Records to process: Begin

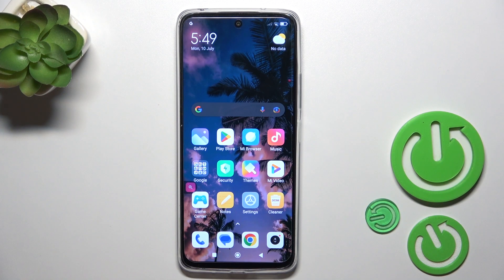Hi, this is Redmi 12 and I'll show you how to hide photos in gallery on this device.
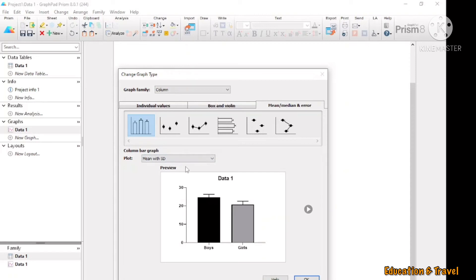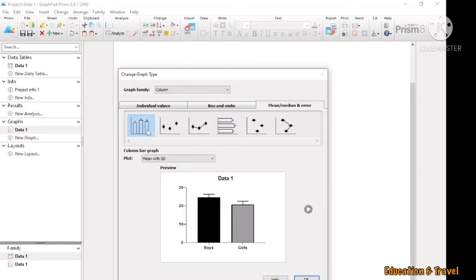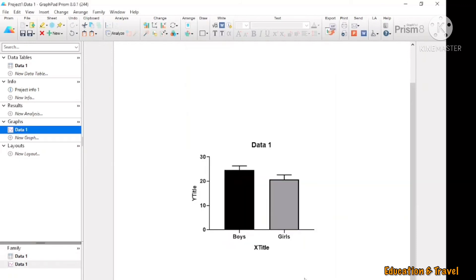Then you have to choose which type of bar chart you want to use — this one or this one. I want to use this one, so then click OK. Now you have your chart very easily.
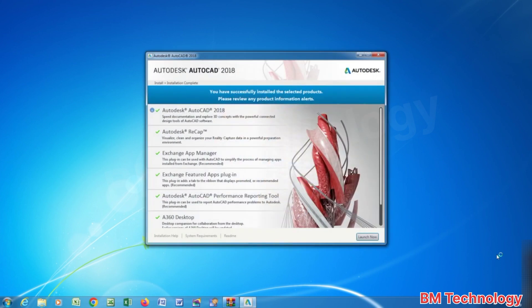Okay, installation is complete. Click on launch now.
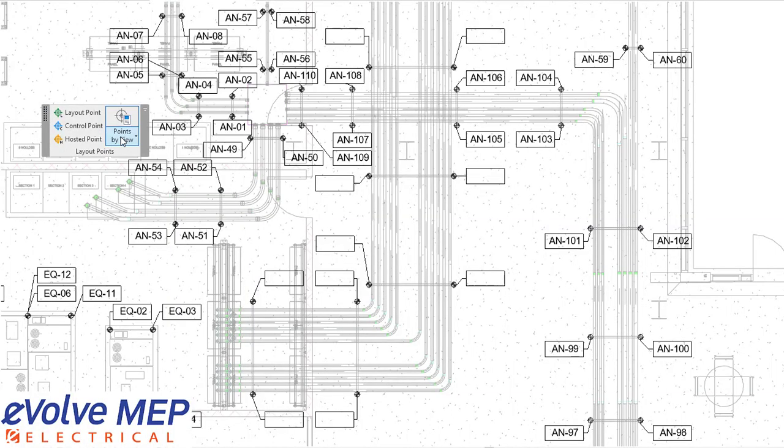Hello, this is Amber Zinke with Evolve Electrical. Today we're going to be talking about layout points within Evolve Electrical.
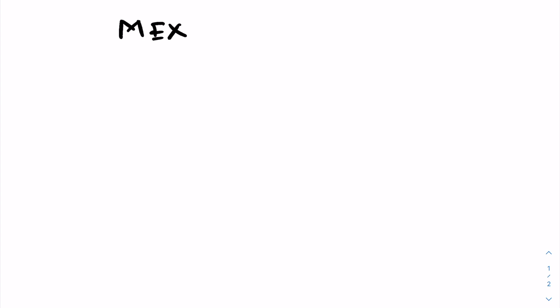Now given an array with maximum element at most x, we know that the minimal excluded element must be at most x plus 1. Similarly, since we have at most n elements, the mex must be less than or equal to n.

Records to process: End
Records to process: Begin

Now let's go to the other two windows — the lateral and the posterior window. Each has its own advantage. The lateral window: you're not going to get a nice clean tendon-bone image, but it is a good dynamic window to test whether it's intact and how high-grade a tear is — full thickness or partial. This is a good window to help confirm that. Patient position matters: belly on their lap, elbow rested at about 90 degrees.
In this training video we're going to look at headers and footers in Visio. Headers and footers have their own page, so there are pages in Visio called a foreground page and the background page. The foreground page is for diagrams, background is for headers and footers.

Records to process: End
Records to process: Begin

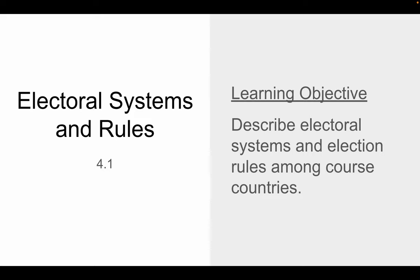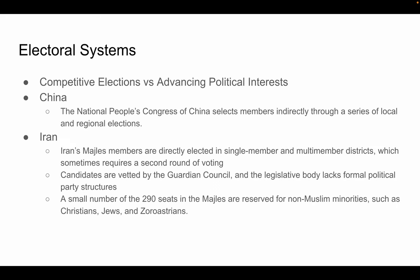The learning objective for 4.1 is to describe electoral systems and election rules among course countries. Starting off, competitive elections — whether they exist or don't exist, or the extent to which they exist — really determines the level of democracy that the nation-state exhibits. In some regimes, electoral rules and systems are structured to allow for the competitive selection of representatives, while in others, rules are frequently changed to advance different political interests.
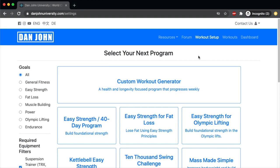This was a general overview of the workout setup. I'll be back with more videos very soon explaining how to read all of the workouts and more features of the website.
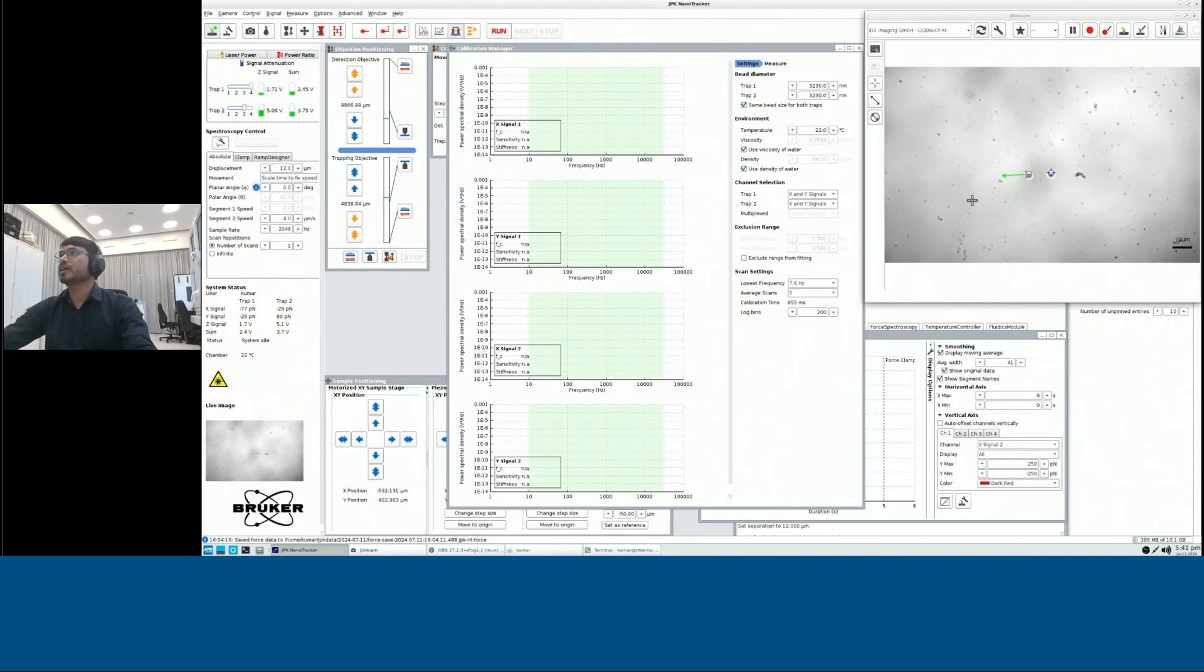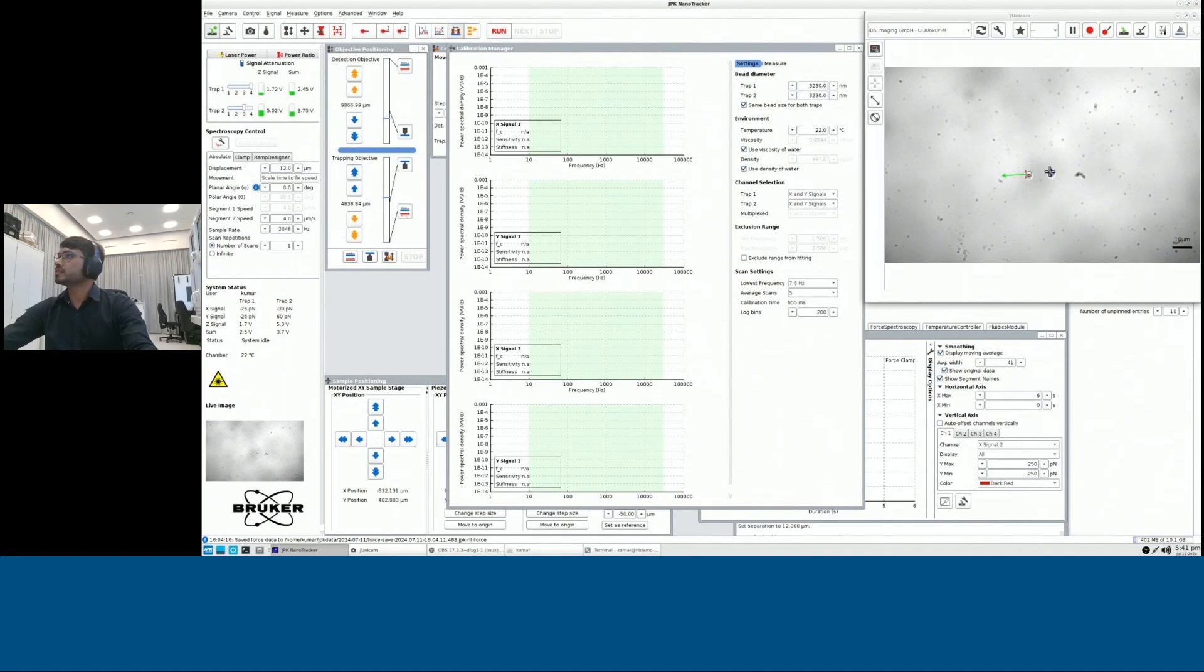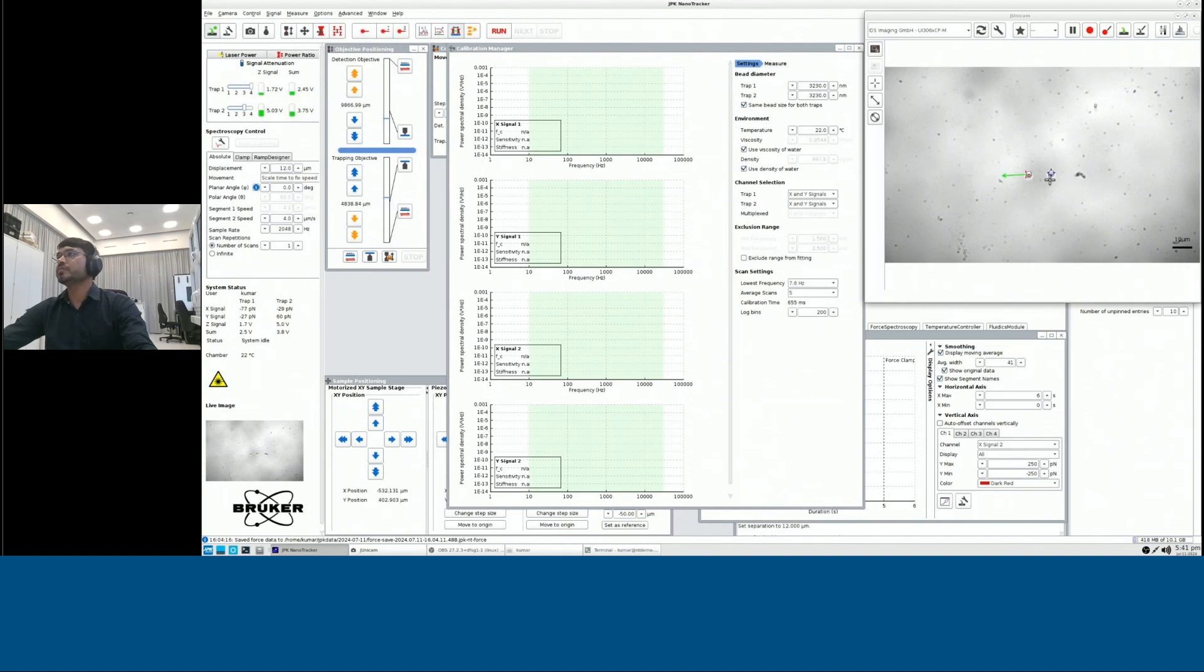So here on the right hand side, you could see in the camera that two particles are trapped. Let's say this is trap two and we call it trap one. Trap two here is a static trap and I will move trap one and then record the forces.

Records to process: End

Task directions:
Search the data above for the string "their" and report each line that holds it.

Answer area:
Now let's go to the other two windows — the lateral and the posterior window. Each has its own advantage. The lateral window: you're not going to get a nice clean tendon-bone image, but it is a good dynamic window to test whether it's intact and how high-grade a tear is — full thickness or partial. This is a good window to help confirm that. Patient position matters: belly on their lap, elbow rested at about 90 degrees.
In this training video we're going to look at headers and footers in Visio. Headers and footers have their own page, so there are pages in Visio called a foreground page and the background page. The foreground page is for diagrams, background is for headers and footers.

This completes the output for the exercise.